■ **Dataset excerpt**
#####

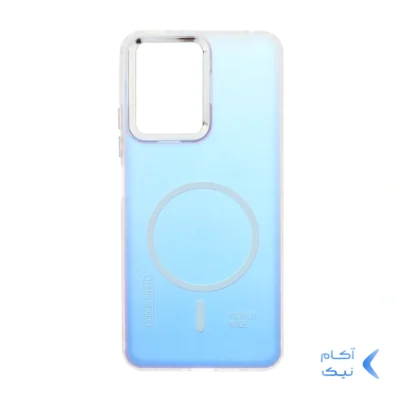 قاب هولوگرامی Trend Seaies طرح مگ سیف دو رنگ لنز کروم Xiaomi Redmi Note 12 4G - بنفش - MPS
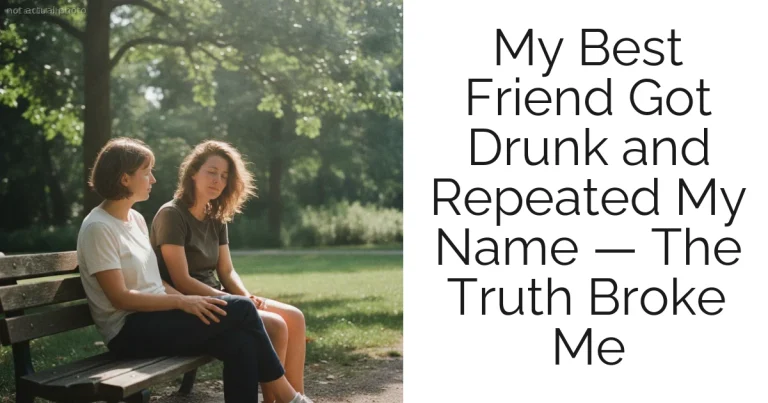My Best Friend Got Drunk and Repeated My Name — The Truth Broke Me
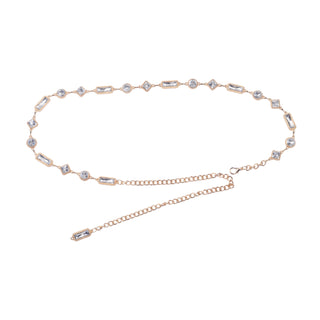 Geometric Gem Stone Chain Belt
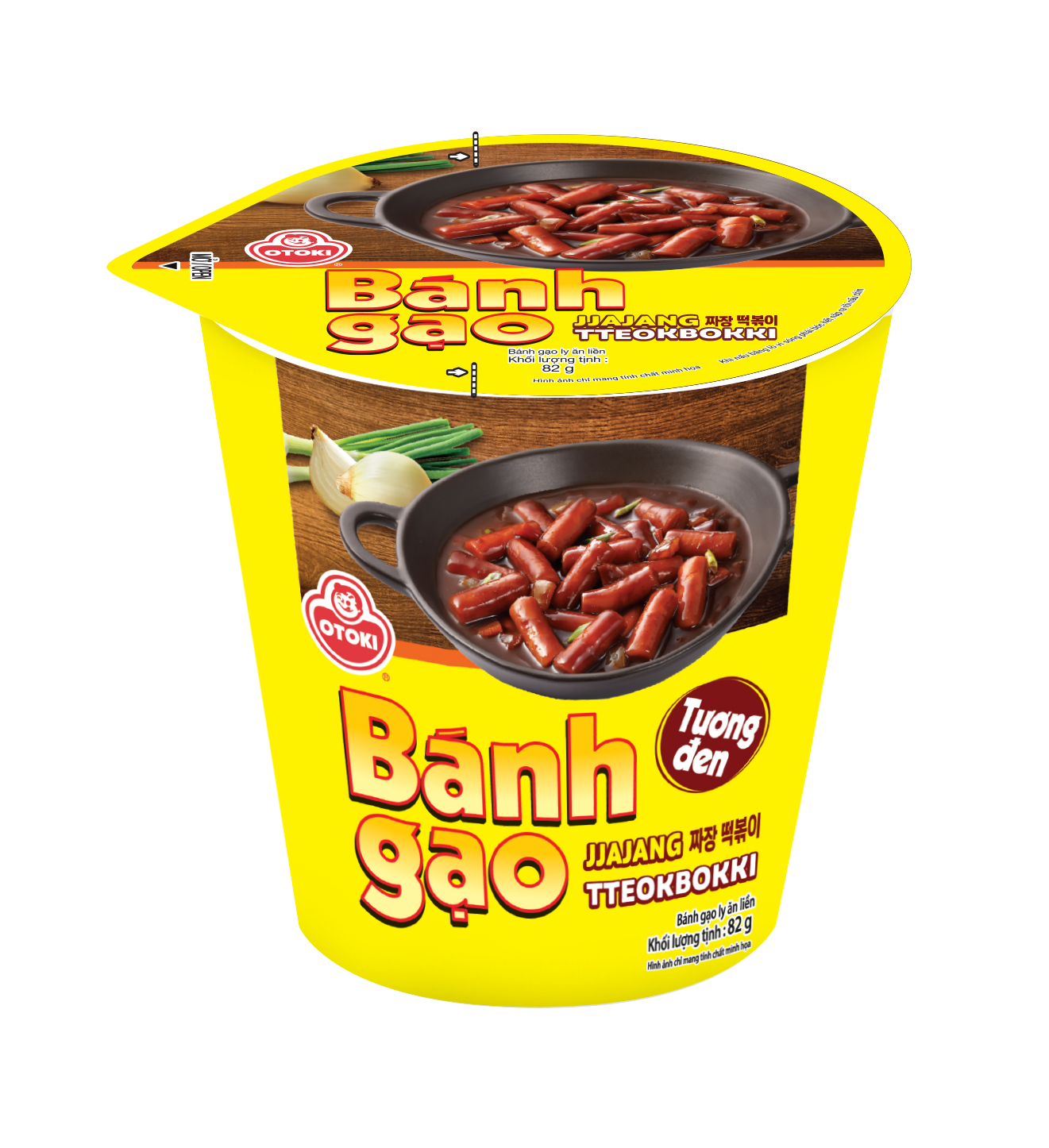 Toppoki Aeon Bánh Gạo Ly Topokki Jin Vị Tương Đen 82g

#####

■ **What to work on**
Apart from the images, please copy every line of the data exactly as written.

■ **Answer for this exercise**
 قاب هولوگرامی Trend Seaies طرح مگ سیف دو رنگ لنز کروم Xiaomi Redmi Note 12 4G - بنفش - MPS
My Best Friend Got Drunk and Repeated My Name — The Truth Broke Me
 Geometric Gem Stone Chain Belt
 Toppoki Aeon Bánh Gạo Ly Topokki Jin Vị Tương Đen 82g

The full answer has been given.